## What the task asks
Set down the data below once more, precisely as it reads.

## Data below
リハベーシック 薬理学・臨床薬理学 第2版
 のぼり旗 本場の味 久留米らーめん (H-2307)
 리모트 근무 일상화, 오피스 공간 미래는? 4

## Response to the exercise
リハベーシック 薬理学・臨床薬理学 第2版
 のぼり旗 本場の味 久留米らーめん (H-2307)
 리모트 근무 일상화, 오피스 공간 미래는? 4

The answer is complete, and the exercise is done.